Re: Removing INNER JOINs

From: David Rowley <dgrowleyml(at)gmail(dot)com>
To: Tom Lane <tgl(at)sss(dot)pgh(dot)pa(dot)us>
Cc: Robert Haas <robertmhaas(at)gmail(dot)com>, Andres Freund <andres(at)2ndquadrant(dot)com>, Mart Kelder <mart(at)kelder31(dot)nl>, PostgreSQL-development <pgsql-hackers(at)postgresql(dot)org>, Simon Riggs <simon(at)2ndquadrant(dot)com>
Subject: Re: Removing INNER JOINs
Date: 2014-12-10 10:04:39
Message-ID: CAApHDvpk8M6_PMH_rzJm6i2AiPZQz5emMZ-c8vfhrCxOH334Xw@mail.gmail.com
Views: Raw Message | Whole Thread | Download mbox | Resend email
Thread:
Lists: pgsql-hackers

On 4 December 2014 at 06:08, Tom Lane <tgl(at)sss(dot)pgh(dot)pa(dot)us> wrote:

>
> Far better would be what I mentioned upthread: an explicit switch node
> in the plan tree, analogous to the existing AlternativeSubPlan structure.
>
> ChooseJoinSubPlan
> -> plan tree requiring all tables to be joined
> -> plan tree not requiring all tables to be joined
>
> This allows sensible display by EXPLAIN and avoids the need for the core
> executor code to be dirtied with implementation of the precise switch
> rule: all that logic goes into the ChooseJoinSubPlan plan node code.
>
>
I'm not sure if I 100% understand what you mean by sensible EXPLAIN output?

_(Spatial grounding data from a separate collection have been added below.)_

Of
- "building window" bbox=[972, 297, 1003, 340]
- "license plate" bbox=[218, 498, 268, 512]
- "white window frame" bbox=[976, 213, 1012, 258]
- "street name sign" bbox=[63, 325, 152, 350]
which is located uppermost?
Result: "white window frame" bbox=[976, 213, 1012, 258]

Would you have both complete plans under a ChooseJoinSubPlan? If so I don't
yet understand why that is needed. Plain old EXPLAIN (without analyze)
performs an executor init, which I guess must have obtained a snapshot
somewhere along the line. Couldn't the plan just be selected at init time?
and just have the ChooseJoinSubPlan, or whatever select the correct plan?

I've attached a version which does this, and I think the EXPLAIN is quite
sensible... It shows the join removed plan when joins are removed, and
shows the "All Purpose" plan when there's FK triggers pending.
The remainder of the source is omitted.